In the first book, cold, severe, ascetic, self-serving Johannes Cabal was offset by his warm-hearted, charismatic, Lawful Good older brother Horst Cabal, who is working with him because reasons. Horst is the bishonen in the family and he's one of the most decent-natured vampires you'll ever meet. (Long story.) Kind-hearted, morally tormented, and a ladies' man: in fact, Horst is so much more fun to be around than Johannes that he bids fair to take over the first book, which is probably why he doesn't appear in the second. It's time to prove that Johannes Cabal can carry an entire plot by himself. And he does, with great aplomb. (Despite the cry of fandom at large, as if millions of voices had wailed HORST BABY COME BACK and were then stilled forever.)

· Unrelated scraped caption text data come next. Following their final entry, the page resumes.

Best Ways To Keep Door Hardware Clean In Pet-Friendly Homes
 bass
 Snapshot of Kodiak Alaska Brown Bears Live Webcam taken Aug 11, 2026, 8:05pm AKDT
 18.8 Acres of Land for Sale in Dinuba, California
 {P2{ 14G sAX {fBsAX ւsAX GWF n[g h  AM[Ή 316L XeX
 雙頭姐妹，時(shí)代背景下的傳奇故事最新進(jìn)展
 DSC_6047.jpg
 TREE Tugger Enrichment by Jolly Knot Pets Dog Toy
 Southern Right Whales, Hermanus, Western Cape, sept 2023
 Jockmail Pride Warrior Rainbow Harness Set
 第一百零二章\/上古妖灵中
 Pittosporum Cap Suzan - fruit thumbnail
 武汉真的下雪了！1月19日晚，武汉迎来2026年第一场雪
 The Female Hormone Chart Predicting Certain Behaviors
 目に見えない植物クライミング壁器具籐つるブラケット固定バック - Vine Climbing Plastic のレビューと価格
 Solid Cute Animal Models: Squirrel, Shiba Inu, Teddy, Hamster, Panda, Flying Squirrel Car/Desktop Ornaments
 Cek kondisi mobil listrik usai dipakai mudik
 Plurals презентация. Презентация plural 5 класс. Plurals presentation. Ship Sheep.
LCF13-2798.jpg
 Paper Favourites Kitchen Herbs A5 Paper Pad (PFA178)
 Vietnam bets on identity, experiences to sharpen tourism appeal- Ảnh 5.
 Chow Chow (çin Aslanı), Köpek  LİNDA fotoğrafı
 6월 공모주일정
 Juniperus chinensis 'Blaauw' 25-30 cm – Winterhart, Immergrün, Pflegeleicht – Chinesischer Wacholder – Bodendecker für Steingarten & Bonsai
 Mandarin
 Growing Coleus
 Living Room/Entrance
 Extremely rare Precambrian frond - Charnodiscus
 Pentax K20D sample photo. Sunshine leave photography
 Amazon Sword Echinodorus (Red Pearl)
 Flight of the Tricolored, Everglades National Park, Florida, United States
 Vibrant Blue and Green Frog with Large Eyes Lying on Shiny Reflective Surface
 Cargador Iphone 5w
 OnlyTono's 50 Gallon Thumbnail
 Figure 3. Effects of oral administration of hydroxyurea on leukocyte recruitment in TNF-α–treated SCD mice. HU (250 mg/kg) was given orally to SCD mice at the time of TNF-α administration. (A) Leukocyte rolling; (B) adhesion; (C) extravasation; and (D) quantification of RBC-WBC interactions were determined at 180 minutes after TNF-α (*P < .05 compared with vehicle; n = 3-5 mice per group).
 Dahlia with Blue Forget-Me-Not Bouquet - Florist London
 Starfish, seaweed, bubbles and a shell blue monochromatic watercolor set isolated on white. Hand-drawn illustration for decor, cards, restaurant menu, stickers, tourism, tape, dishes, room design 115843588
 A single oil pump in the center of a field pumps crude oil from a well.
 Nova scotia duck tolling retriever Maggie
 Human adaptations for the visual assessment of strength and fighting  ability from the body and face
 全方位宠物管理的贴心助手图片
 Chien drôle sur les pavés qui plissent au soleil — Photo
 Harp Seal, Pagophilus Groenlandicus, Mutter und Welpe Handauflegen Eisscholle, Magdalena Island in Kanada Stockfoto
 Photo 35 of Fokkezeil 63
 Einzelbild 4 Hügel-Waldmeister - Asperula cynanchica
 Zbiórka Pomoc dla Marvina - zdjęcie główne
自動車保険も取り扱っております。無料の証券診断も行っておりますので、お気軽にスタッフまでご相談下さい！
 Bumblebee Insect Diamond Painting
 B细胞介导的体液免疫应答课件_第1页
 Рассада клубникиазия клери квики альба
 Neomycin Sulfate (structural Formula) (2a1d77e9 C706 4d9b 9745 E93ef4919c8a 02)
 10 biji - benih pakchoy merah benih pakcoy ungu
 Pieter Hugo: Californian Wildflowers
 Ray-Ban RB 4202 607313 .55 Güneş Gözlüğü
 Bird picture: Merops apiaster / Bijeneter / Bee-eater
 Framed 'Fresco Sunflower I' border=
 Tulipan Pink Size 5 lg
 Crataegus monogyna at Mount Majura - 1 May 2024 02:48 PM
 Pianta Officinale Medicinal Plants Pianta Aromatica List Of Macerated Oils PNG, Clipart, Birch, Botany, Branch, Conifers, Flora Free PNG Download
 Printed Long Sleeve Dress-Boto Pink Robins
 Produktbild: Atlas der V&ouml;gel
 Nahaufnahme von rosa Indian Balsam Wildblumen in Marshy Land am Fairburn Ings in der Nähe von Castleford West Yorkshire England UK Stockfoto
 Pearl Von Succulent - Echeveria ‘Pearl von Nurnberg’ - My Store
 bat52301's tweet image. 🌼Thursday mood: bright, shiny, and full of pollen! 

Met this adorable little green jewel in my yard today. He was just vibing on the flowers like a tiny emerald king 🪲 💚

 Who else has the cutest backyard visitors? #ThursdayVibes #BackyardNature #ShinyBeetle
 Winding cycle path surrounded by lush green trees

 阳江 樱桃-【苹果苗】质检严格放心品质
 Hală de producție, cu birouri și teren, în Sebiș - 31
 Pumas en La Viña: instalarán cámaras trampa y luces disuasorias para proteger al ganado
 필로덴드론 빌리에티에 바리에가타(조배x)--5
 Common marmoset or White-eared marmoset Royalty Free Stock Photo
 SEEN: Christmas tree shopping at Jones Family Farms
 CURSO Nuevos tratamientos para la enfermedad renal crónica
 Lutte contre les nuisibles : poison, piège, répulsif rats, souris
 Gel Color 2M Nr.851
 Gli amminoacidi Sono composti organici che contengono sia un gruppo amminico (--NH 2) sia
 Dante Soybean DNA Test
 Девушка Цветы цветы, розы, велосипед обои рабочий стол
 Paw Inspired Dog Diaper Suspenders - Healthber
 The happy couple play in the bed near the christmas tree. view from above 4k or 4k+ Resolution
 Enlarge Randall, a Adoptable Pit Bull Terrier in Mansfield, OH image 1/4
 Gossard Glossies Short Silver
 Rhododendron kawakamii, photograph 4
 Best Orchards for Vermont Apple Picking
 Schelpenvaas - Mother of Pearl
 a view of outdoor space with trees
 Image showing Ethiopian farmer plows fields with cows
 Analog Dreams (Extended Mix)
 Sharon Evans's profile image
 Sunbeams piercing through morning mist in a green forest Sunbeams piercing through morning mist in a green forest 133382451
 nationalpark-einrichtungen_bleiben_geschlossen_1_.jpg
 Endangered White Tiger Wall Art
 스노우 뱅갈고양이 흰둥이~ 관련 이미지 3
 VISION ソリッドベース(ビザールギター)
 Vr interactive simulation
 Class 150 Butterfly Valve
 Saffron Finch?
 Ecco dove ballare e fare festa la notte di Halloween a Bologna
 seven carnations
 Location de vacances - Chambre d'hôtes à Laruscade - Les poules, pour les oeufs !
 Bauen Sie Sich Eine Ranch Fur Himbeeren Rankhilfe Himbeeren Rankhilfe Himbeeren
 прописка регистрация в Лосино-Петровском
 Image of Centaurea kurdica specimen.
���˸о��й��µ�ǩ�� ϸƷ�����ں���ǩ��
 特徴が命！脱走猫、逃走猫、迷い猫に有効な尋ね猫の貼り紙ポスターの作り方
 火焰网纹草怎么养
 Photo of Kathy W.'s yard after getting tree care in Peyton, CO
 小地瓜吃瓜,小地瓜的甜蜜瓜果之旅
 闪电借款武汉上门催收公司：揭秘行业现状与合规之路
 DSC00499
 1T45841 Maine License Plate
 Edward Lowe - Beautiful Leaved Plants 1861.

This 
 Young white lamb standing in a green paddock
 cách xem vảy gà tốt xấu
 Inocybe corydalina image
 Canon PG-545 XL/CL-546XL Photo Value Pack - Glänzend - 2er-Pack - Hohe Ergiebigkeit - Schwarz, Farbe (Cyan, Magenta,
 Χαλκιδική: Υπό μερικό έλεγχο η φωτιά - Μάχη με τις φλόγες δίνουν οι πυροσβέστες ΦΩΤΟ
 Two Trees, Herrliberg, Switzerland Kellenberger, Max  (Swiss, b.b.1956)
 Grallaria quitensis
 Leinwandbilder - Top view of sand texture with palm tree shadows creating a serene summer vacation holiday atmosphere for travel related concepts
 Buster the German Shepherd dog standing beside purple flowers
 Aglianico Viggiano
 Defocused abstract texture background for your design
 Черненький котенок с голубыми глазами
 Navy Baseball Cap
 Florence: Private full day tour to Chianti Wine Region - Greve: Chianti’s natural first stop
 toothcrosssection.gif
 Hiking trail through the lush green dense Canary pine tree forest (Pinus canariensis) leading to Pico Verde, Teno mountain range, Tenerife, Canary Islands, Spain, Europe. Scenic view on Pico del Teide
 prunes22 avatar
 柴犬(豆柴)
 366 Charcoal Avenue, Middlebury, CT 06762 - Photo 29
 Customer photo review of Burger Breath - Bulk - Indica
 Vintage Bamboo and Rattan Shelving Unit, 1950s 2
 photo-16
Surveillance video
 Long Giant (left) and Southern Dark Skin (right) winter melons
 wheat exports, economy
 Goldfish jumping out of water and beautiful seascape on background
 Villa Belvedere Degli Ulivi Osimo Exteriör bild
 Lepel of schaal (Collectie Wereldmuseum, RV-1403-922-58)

Look, what's bothering you? It's the homoerotic aspect, isn't it? [...] Well, don't flatter yourself. It's just a transfusion, for crying out loud. --Horst on feeding from Johannes
The Fear Institute is apparently "Cabal goes to Lovecraft-land, as seen in The Dream-Quest of Unknown Kadath." It was never released in the States, for bullshit reasons; apparently the prospective US publishers screwed everyone by canceling at the last minute, and have yet to offer an explanation. This sucks, because Jonathan Howard loses out. He may not want to write a fourth book at this rate--which would suck for the readership, given that The Fear Institute ends on a cliffhanger by all accounts. I am about to go buy it on Kindle, as a reward to myself for getting through September.
Things I hope:
--Howard's complex style and dry humor will have developed even further than they had in the last book.
--The Dreamlands will be a fertile field for original worldbuilding.
--We'll get more backstory for Johannes.
--Horst will turn back up. (Judge me.)
Things I fear:
--There will be Lovecraftian send-ups out the wazoo, leaving little time for originality.
That's about it, really. Let's Do This.
OH also, I almost forgot: exquisite fanart showing Horst at an all-time low, as he first appears in the series (vampirized, severely depressed, filthy, and eating spiders). Here you go. The picture inspired this whole post, to be honest. Damn, it feels good to just sit around and gush about books with no goal greater than just gushing about books. Been working too hard lately.